Dataset extract ::
***

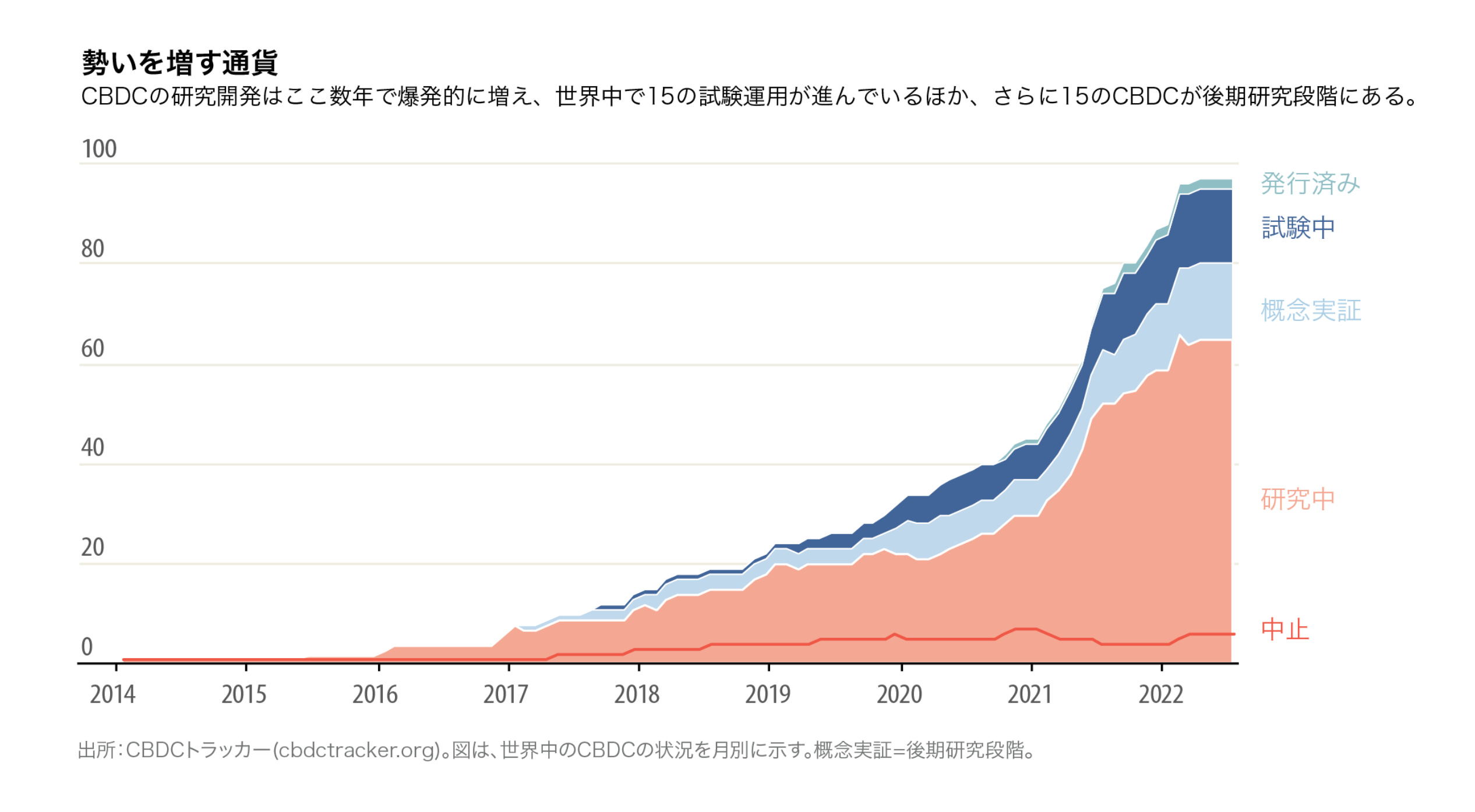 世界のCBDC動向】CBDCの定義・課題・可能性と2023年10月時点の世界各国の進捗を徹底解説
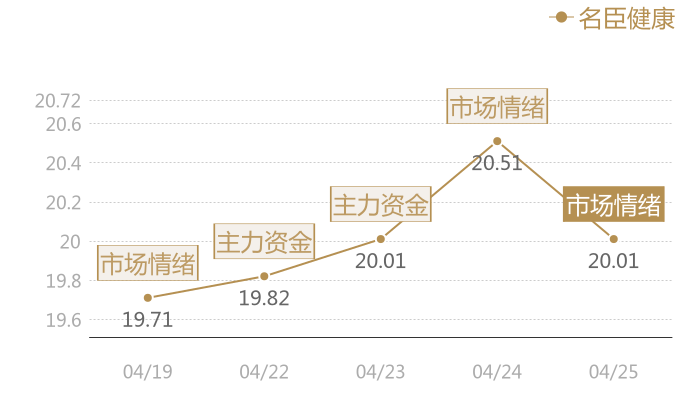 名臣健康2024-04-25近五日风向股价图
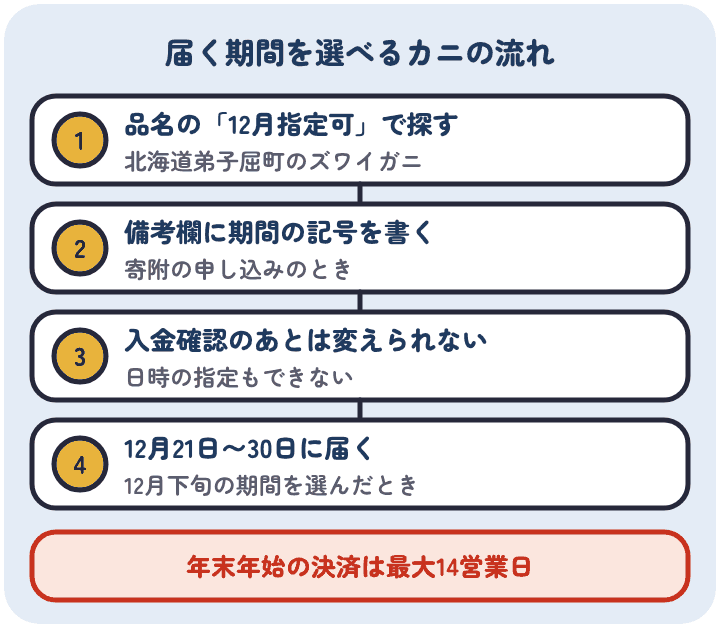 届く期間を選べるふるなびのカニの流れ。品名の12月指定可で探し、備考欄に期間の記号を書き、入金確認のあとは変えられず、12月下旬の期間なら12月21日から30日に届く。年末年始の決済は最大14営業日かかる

***

Prompt :: All the material above must be copied exactly, and no picture belongs in the copy.

Reply to the task ::
 世界のCBDC動向】CBDCの定義・課題・可能性と2023年10月時点の世界各国の進捗を徹底解説
 名臣健康2024-04-25近五日风向股价图
 届く期間を選べるふるなびのカニの流れ。品名の12月指定可で探し、備考欄に期間の記号を書き、入金確認のあとは変えられず、12月下旬の期間なら12月21日から30日に届く。年末年始の決済は最大14営業日かかる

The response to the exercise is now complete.